Starring: Colin Baker
Publisher: Big Finish Productions
RRP: £14.99 (CD), £12.99 (download)
ISBN: 978 1 78178 811 0
Release Date: 31 October 2017

Bath, 1756 – and a dashing gentleman known as the Doctor is newly arrived in town, accompanied by his lady friends Mrs Clarke and Mrs Ramon. He’s created a stir among the gentlefolk of Georgian high society – and a stir in the heart of merry widow Mrs Theodosia Middlemint, rumour has it. They are not the only strangers from abroad causing tongues to wag, however. The mysterious Lady Clara, from Amsterdam, has the whole of Bath agog. Who is she, really? What is she, really? But there’s something terrible beneath the veneer of Georgian gentility. As awful a horror as the Doctor has ever exposed, hidden inside Balsam’s Brassworks. Something that needs to be brought to light, for the sake of all humanity…

This is a rare historical story, with no science fiction elements apart from the TARDIS and its crew – though for a while it seems as though there might be… Colin Baker never had an adventure of this type during his time on the television show, but he expressed a desire to star in one on audio, and scriptwriter Marc Platt has duly obliged.

The heyday of the Doctor Who historical was during the programme’s infancy, in the early to mid-1960s, and I was reminded of a few of those stories as I listened to this jaunt through Georgian times. Remarkably, the Doctor goes on a ‘date’, much to the surprise of his companions – and me. He finds himself on the receiving end of a widow’s romantic affections, just as he did with Cameca in The Aztecs.
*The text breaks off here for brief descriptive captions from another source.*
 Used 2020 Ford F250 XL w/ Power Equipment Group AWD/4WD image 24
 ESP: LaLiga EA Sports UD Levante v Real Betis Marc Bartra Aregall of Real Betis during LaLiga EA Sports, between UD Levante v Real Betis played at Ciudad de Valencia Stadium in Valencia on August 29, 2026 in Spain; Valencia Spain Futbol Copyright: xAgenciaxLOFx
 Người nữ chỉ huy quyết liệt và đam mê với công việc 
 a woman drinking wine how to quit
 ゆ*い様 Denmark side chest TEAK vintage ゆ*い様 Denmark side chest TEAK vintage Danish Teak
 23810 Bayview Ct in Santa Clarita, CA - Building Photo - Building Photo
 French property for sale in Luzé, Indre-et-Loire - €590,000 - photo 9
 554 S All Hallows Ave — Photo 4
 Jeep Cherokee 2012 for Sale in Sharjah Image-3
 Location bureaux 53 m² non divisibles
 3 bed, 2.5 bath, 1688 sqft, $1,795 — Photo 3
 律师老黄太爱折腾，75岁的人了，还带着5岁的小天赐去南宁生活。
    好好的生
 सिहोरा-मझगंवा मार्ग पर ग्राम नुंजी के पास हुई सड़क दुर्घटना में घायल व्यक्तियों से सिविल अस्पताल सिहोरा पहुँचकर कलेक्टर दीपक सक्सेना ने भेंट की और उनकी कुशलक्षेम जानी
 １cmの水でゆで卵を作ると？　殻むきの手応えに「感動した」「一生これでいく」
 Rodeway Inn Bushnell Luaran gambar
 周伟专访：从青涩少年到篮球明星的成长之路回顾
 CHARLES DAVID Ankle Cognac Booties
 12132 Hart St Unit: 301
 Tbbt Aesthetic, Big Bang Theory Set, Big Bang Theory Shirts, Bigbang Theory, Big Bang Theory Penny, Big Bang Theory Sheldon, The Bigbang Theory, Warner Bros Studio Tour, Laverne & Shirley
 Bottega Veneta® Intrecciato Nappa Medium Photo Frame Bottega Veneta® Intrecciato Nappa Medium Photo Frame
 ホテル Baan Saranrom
The similarity even extends to the Time Lord enjoying a drink of hot chocolate with Mrs Theodosia Middlemint (Georgina Moon). There’s a piratical sailor (Nehemiah Hawnch, one of two very different roles played by the versatile Giles New) who’s reminiscent of the people smuggler Captain Trask in The Highlanders. The sedate pace of the narrative as a whole recalls the gentler times of that television era.

The initial tone of The Behemoth is peculiar, being light-hearted yet intriguing. Comical situations, some larger-than-life characters and a certain touring exhibit (which is based upon a real-life curiosity) bring to mind an earlier Sixth Doctor audio adventure, the decidedly off-the-wall Year of the Pig. Without going into specifics, the enigmatic Lady Clara, who arrives in the company of one Captain van der Meer (Giles New again), proves to be a somewhat different traveller to the impossible girl you might have been expecting!

However, darker themes gradually become apparent, taking in the serious subjects of the hunting and captivity of both people and animals. Though The Highlanders touched upon slavery, it didn’t directly address the exploitation of black people, as this story does, personifying them as the victimised Sarah and Gorembe (Diveen Henry and Ben Arogundade).

How women (black or white) were treated within Georgian society is also examined, through the more modern viewpoints of Constance Clarke and Flip Ramon (Miranda Raison and Lisa Greenwood) – who work well together in this, the beginning of a monthly trilogy featuring these companions.

Ultimately, The Behemoth takes a long, hard look at a deplorable period in British history. Its title seems to be asking us, who is the real monster here?